Tentu di samping anggaran, lanjutnya, publik akan melihat optimalisasi pemanfaatkan perpustakaan itu nantinya.
Coba evaluasi, imbuhnya, saat ini berapa banyak anggota DPR atau stafnya dan masyarakat luas memanfaatkan perpustakaan yang sudah ada di Gedung wakil rakyat saat ini.
"Saya yakin masih sangat minimal. Nah tentu mubazir kalau anggaran yang besar ternyata manfaatnya kecil," kritiknya.
Ditambah ekonomi pun kini yang sulit maka, menurutnya memang menjadi rendah urgensi membangun perpustakaan itu. Jadi, wajar kalau muncul suara menolak.
"Menurut saya bisa saja kita membangun perpustakaan namun menunggu ekonomi baik. Tak harus parlemen yang membangunnnya. Bisa saja oleh Kementerian Riset, Teknologi, dan Pendidikan Tinggi atau oleh pemerintah daerah," jelasnya.
Untuk itu dia berharap, walaupun DPR punya hak budget, namun tak harus memaksakan pembangunan gedung baru ini kalau memamg situasi tidak memungkinkan.
"Perlu ada simulasi tentang kemanfaatan perputakaaan tersebut," cetusnya.
Diberitakan Ketua DPR, Ade Komarudin mengaku heran kenapa di Indonesia banyak pihak yang berusaha merecoki rencana DPR untuk membangun pembangunan perpustakaan terbesar di Asia Tenggara.
"Lihat Amerika.

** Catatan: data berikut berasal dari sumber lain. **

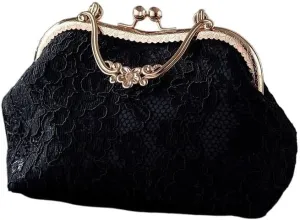Vintage Satin Evening Party Clutch Bag Lace Purses and Handbags Metal Handle Luxury Designer Handbag Womens Hand Bag (Color : Black)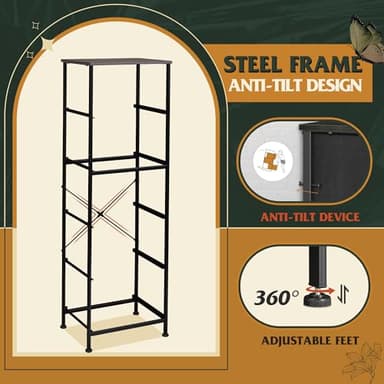 WLIVE Fabric Dresser, 5-Drawer Tall Dresser for Bedroom, Storage Dresser Organizer with Fabric Bins, Wood Top, Sturdy Steel Frame, Chest of Drawers for Closet, Hallway, Charcoal Black Wood Grain Print - Image 7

Mereka membangun Library of Congress, harganya berapa pun dikorbankan," kata Ade di Kompleks Parlemen, Senayan, Jakarta, Senin (28/3/2016).
Ade pun meminta semua pihak untuk berpikir jernih dan tidak terpengaruh dengan segelintir pihak yang ingin merecoki pembangunan perpustakaan ini.
Pekan depan, seusai DPR mengakhiri masa reses, Ade berencana membicarakan pembangunan perpustakaan ini dengan semua pihak yang berkepentingan di DPR, seperti Kesetjenan DPR, Badan Urusan Rumah Tangga DPR, dan perwakilan 10 fraksi.
Wacana pembangunan perpustakaan terbesar se-Asia Tenggara muncul setelah Ketua DPR Ade Komarudin menerima sejumlah cendekiawan dan budayawan di Kompleks Parlemen, Selasa (22/3/2016).
Ade Komarudin meyakini bahwa kebijakan moratorium pembangunan gedung baru tidak akan berlaku untuk proyek gedung baru DPR.
Urusan anggaran tidak menjadi masalah karena, menurut dia, DPR dapat memodifikasi anggaran pembangunan gedung baru sebesar Rp 570 miliar yang sudah dialokasikan di APBN 2016.
Gedung baru itu direncanakan terdiri dari perpustakaan umum terbesar se-Asia Tenggara serta ruang kerja bagi anggota DPR dan tenaga ahli.
Ada sekitar 600.000 koleksi buku yang akan disimpan di perpustakaan tersebut. Itu akan melebihi perpustakaan terbesar di Asia Tenggara saat ini, National Library of Singapore, yang memiliki 500.000 koleksi buku.